TEMPO Interaktif, Semarang - Kepolisian Daerah Jawa Tengah mengaku kesulitan memberantas peredaran minuman keras oplosan yang sudah mengakibatkan beberapa korban meninggal. "Selama ini, yang terjadi minuman oplosan itu dibuat di rumah-rumah tangga. Kami ga mampu harus mengawasi sampai di dapur-dapur orang," kata Kepala Kepolisian Daerah Jawa Tengah Inspektur Jenderal Edward Aritonang di Semarang, Senin 14 Maret 2011.
Dalam kurun waktu 10 hari terakhir, korban meninggal dunia akibat menenggak minuman keras oplosan di Semarang sudah mencapai 13 orang.
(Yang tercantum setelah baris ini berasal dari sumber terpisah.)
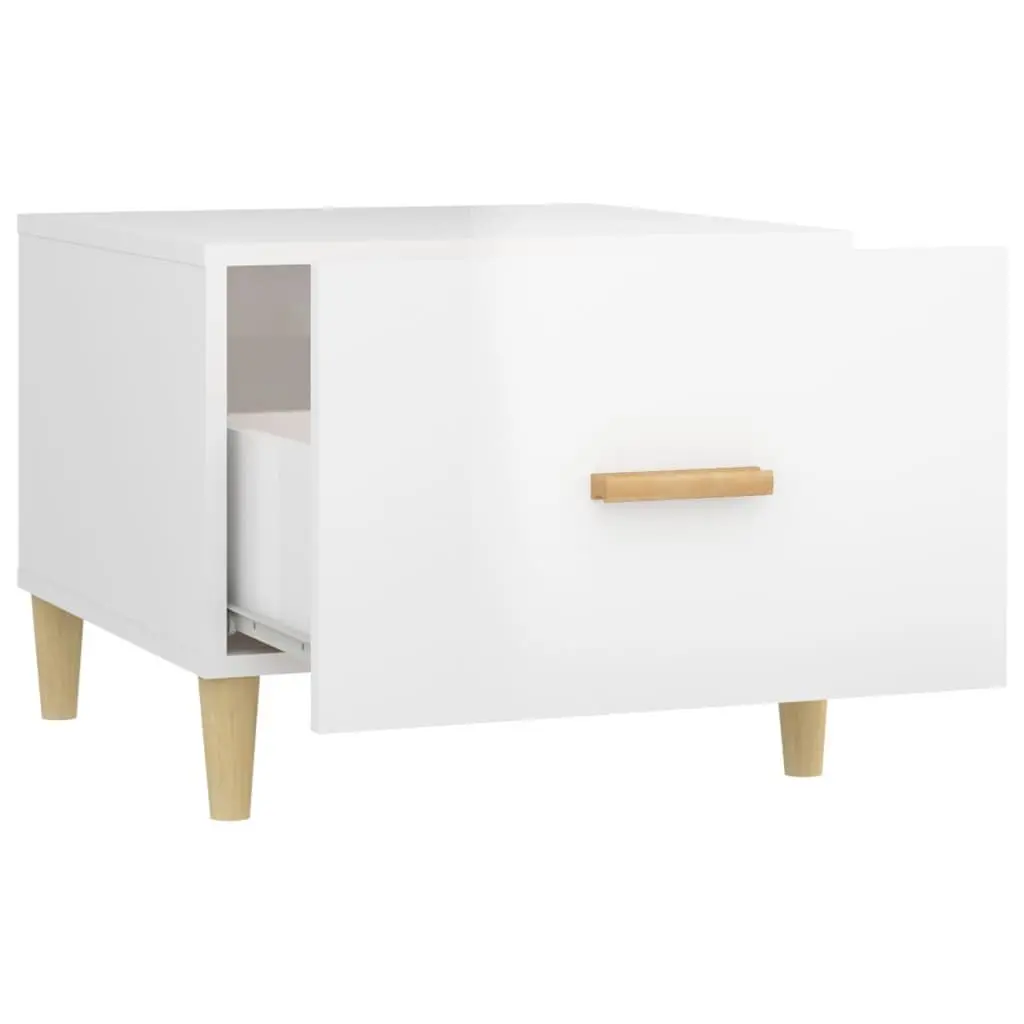 Coffee Tables Engineered Wood High Gloss White 50x50x40 cm 2 Piece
Dua korban terakhir adalah Suratin, 47, dan Janoka, 40, warga Jalan Rowosari Wonosari, Ngalian, Semarang. Keduanya tewas pada Minggu (13/3) lalu.
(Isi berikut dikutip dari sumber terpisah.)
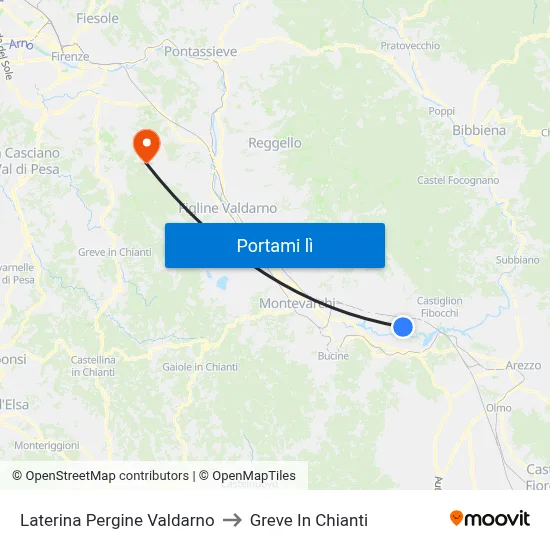 Laterina Pergine Valdarno to Greve In Chianti map
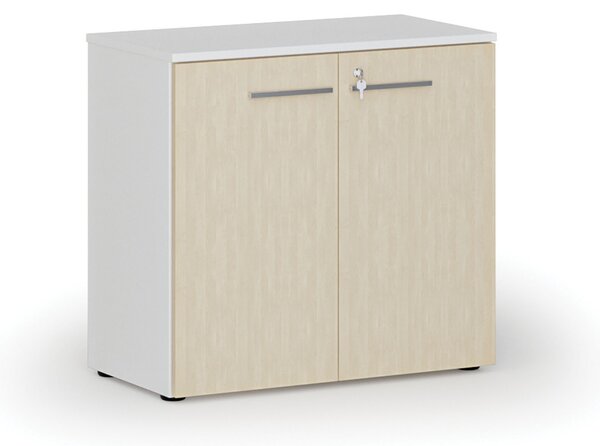 Szafa biurowa z drzwiami PRIMO WHITE, 800 x 420 x 740 mm, biały/brzoza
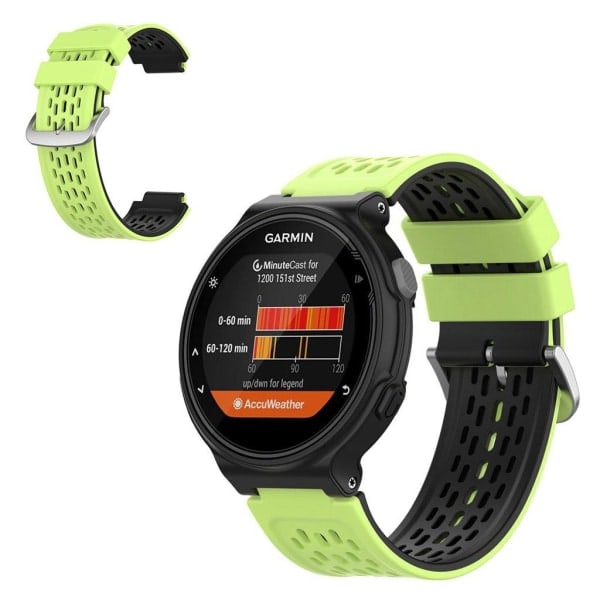 24mm dobbeltlags silikone urrem til Garmin Forerunner enhed - Lysegrøn / Sortgrøn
Edward menyatakan banyak kasus peredaran minuman oplosan dilakukan secara sembunyi-sembunyi. Para pengguna minuman oplosan, kata Edward, berkumpul di suatu tempat lalu menengak minuman haram itu secara bersama-sama. Bahkan, kata Edward, pembuat minuman keras oplosan juga memiliki izin usaha, seperti pembuatan alkohol untuk disetorkan ke rumah sakit. "Tapi mereka membuat minuman oplosan," kata Edward.
Edward meminta agar masyarakat aktif melaporkan jika mengetahui adanya pembuatan minuman oplosan. Sebab, itu akan memudahkan kinerja polisi untuk memberantas minuman berbahaya tersebut. Edward menyatakan salah satu ukuran keberhasilan untuk menilai kinerja polisi di satuan wilayah adalah sejauhmana keberhasilan memberantas minuman keras. Jika masyarakat disuatu daerah sudah melaporkan adanya minuman beralkohol itu tapi pimpinan polisi di wilayah itu tak menindaklanjutinya, maka menurut Edward, polisi tersebut tak layak memimpin institusi kepolisian wilayah setempat.
Ia setuju pelaku pembuat minuman oplosan harus dihukum seberat-beratnya. Dia menilai undang-undang minuman keras dinilai terlalu lemah untuk menjerat pembuat minuman oplosan. Jika ada yang meninggal dunia akibat miras maka ancaman hukumannya akan diperberat, misalnya menggunakan KUHP.